On April 5th, 2023, Fritjof and Halvar climbed two new routes in Jotunheimen National Park. They skied into the area on April 4th, expecting three good days of weather after their arrival. The first route they established was on the previously unclimbed Northwest Face of Galdhøpiggen, which they named the Borealis Face. The second route was on an unnamed peak south of Galdhøpiggen, and the route they established was called the Agaric Couloir.
To climb the Borealis Face, Fritjof and Halvar skied to the base of the route from camp and used snow pickets to surmount the short-lived yet overhung Bergshrund. They cached their skis and simul-soloed the first half of their route, chasing the best ice runnels. The second half of the route was simul-climbed as the climbing became steeper and more exposed. During their climb, they were spotted by Frank Peterson, who was flying clients on a scenic flight. Peterson circled over Fritjof and Halvar and took photos.
The descent of the Borealis Face took almost as long as the ascent due to the amount of searching and digging required to find good rappel anchors in the rock. Fritjof and Halvar climbed the route in approximately 4 hours. In 1966, David Roberts, Arthur Davidson, David Johnston, Pete Meisler, and Richard Millikan likely were aiming for this face based on the location of their advanced basecamp, but poor weather kept them from making an attempt. The face is hard to see from almost anywhere in the Jotunheimen most traveled areas.

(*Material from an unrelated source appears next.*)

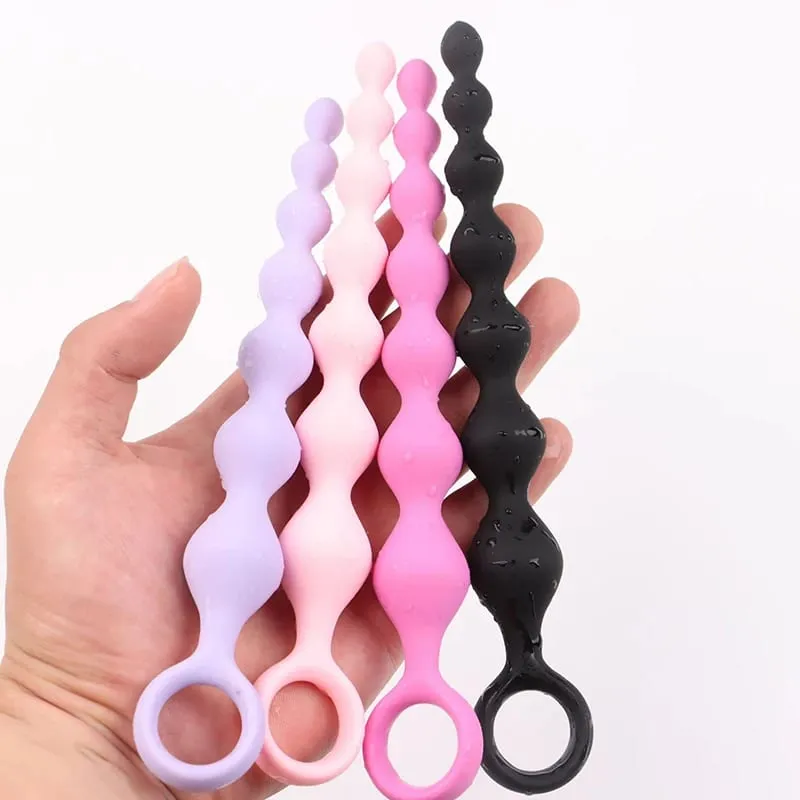 [NM]1Pc Beads Soft Anal Plug 7 Balls Silicone G-Spot Stimulating Butt Plugs Anal Stimulation Pull Bead Dildo Deep Anal Sex Toy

The following day, Fritjof and Halvar climbed the Agaric Couloir. They started in the afternoon for safer conditions and simul-soloed the first portion of the route. As the climbing got harder, they pitched out the route, beginning with an ice hose in a corner with a few mixed moves at the exit. The real crux of the route was a chockstone, which required an extensive amount of snow-shoveling/clearing to get to the rock. It required a few creative aid moves and an exciting mixed exit. Fritjof and Halvar completed their climb in 9 hours and were gifted with an incredible sunset. They descended quickly with abundant rock anchors.